France

Affaire Benalla : le gouvernement fait face à deux motions de censure

Point d'orgue de l'offensive de l'opposition sur l'affaire Benalla, le gouvernement fait face ce 31 juillet à deux motions de censure, de droite et de gauche, dont le rejet attendu ne garantit pas la fin des répercussions politiques du scandale.

Mardi 31 juillet

L'Assemblée nationale a rejeté la deuxième motion de censure, déposée par les trois groupes de gauche à l'Assemblée nationale.

Majorité requise pour l'adoption : 289

Pour : 74 voix

La motion de censure n'est donc pas adoptée.

Seuls 74 députés, socialistes, communistes, Insoumis, plus 10 non inscrits, dont les élus RN ou encore Delphine Batho, mais aussi deux LR, Eric Diard et Arnaud Viala, y ont apporté leurs suffrages.

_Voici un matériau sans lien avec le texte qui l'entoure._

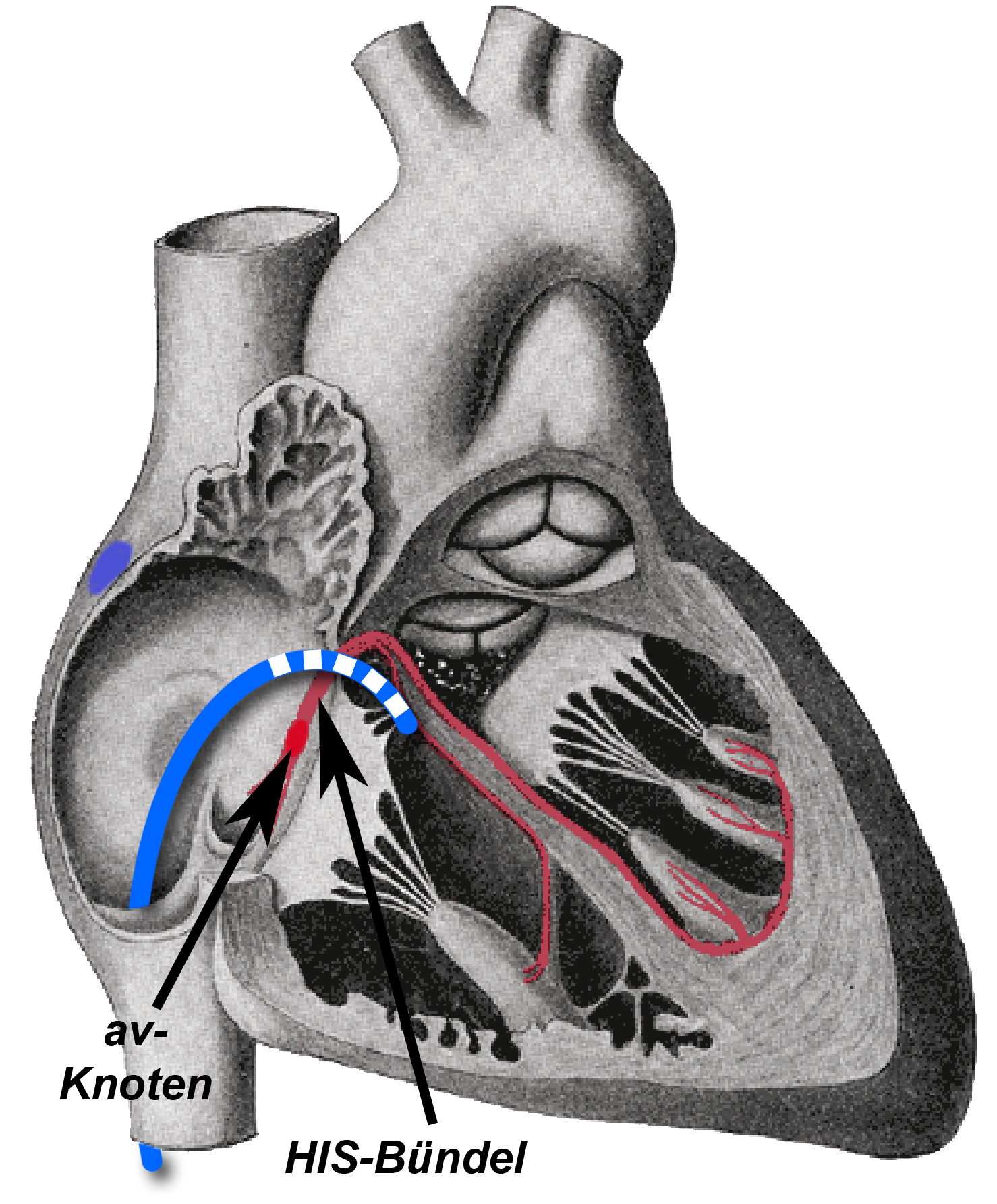 His-Bündel-Katheter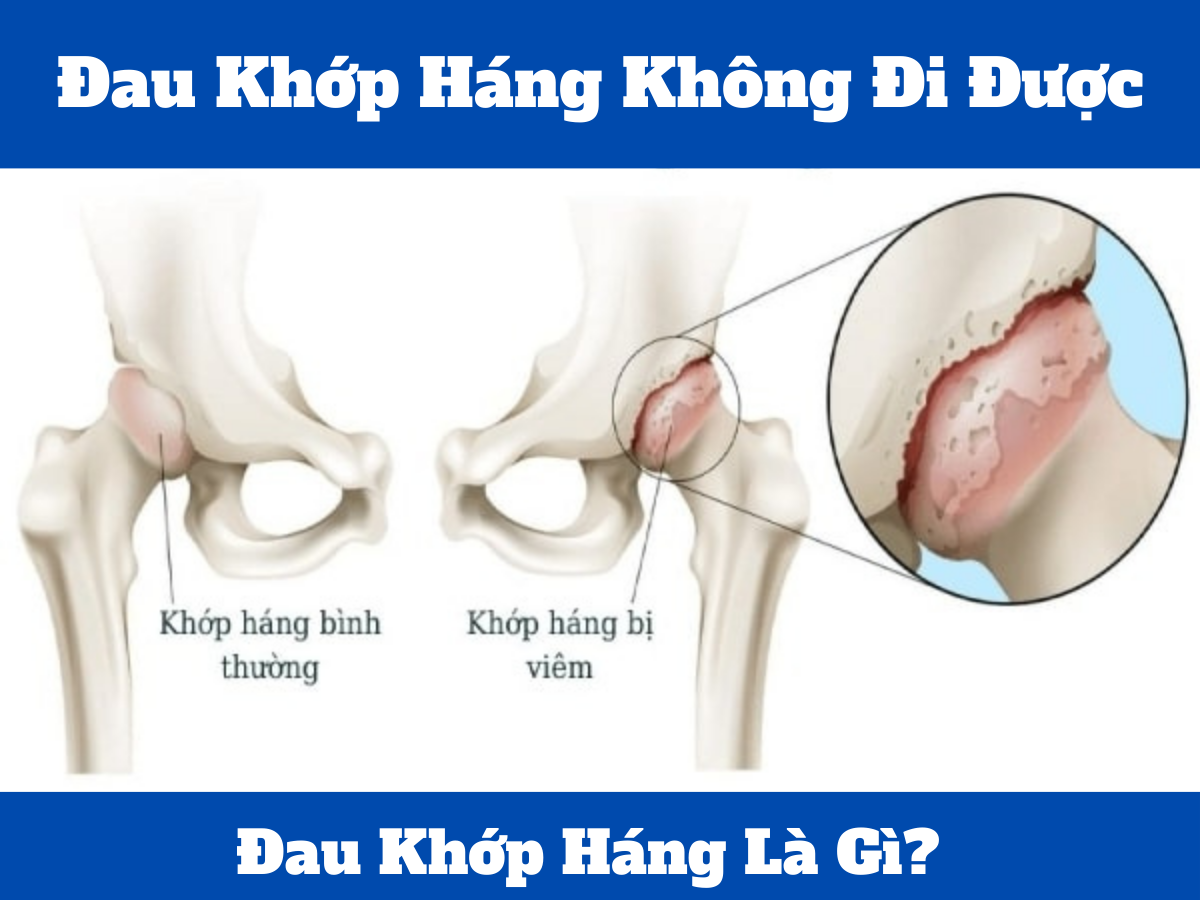 Đau Khớp Háng Không Đi Được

Le groupe LR avait décidé de ne pas la voter.

Bruno Questel de La République en Marche explique que les motions de censure «sont bonnet blanc et blanc bonnet». «Vous n'auriez pu en faire d'ailleurs qu'une», précise-t-il.

Ciblant les oppositions, le député marcheur déclare sur l'affaire Benalla : «Contrairement à vos déclarations mensongères et tapageuses, il n'y a eu aucune volonté de masquer, aucune volonté de mentir, aucune volonté d'excuser.»

François de Rugy annonce mettre aux voix la motion de censure. La séance est de nouveau suspendue.

Mathilde Panot, La France insoumise, matraque : «Vous êtes le gouvernement des violents et des passe-droits.»

L'élue du Val-de-Marne charge la majorité : «Nous ne sommes plus dans un régime démocratique mais dans une assemblée monolithique composée de petits soldats du macronisme, prêts à tout pour éviter le débat et la discussion.»

Le socialiste Olivier Faure rappelle que cette motion de censure ne vise pas à faire tomber le gouvernement.

Il dénonce l'attitude du gouvernement durant l'affaire Benalla. Il pique Emmanuel Macron : «Le président joue les matamores en suggérant de venir le chercher alors qu'il se sait inconstitutionnellement intouchable. Où est passée la République exemplaire ?»

En destinant ses mots aux différentes oppositions, Isabelle Florennes (Modem) s'étonne «d'une union de la carpe et du lapin que vous avez scellée».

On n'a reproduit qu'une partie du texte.